Inspiration: Architecture and Learning
In this project, I was learning to bezel set a rectangular stone, but I still wanted to put some thought into the design. I’ve been very inspired lately by the 20’s and 30’s architecture in San Luis Obispo County, including Hearst Castle and The Monday Club, both designed by Julia Morgan.
These images are from a ranch house in Avila Beach from the same era, featuring an open truss ceiling in the main living area, and a beautiful metal studded door to a built-in firewood storage area.

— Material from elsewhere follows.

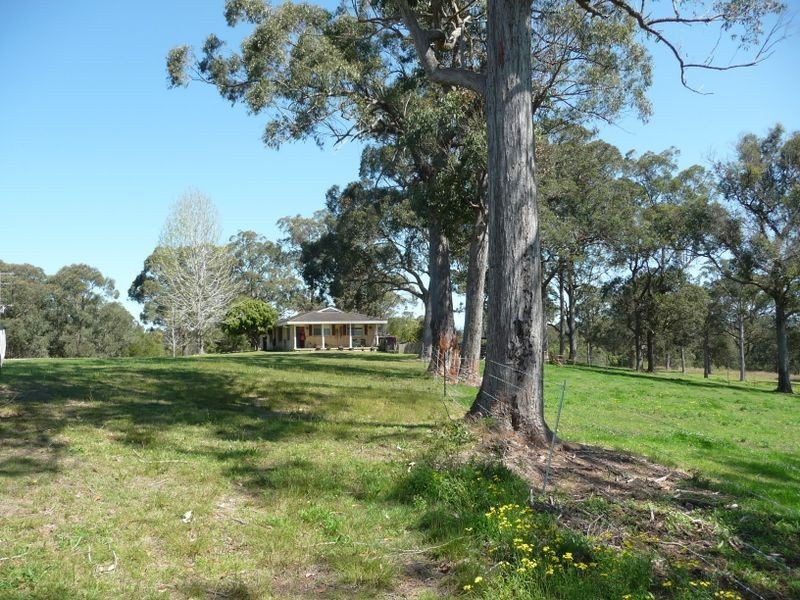 Wingham NSW 2429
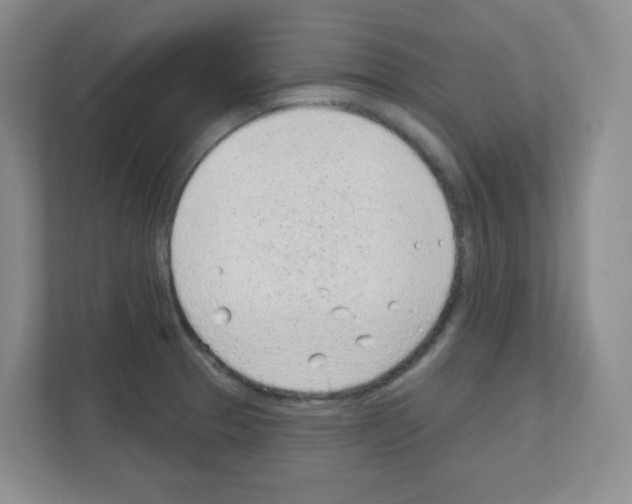 X0000111131329200908111031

I chose a tourmaline for its hardness (7-7.5 on the Mohs Scale) as I needed a stone that could withstand my beginner skillset for this type of setting. It can be tricky, in that the corners of the stone must be protected to prevent cracking when the bezel is pushed over. A small ledge is formed inside the bezel, with “safety pockets” cut into the corners to protect the stone.
I started with some basic elements to begin visualizing what the ring might look like. The elongated baguette shape and brilliant green of this stone immediately reminded me of an art deco design, and when paired with some other simple lines, it began to come together.
The next step was to fabricate the bezel setting, essentially two L-shaped pieces of sterling silver sheet. As with any stone setting, the size and fit is checked repeatedly to be certain it’s accurate. Cannot be too big, cannot be too small! Then the bottom of the bezel was shaped to sit flush on top of the ring.
Next, I hand fabricated some tiny metal studs, inspired by the copper doors pictured above, to accent the stone and wire elements.
Then all the pieces were soldered together. This was a challenging solder job! After polishing, the stone was carefully set. The sides of the bezel were hammered in with a pendant motor and hammer hand piece—no cracks or chips!
One more final polish and the ring was complete.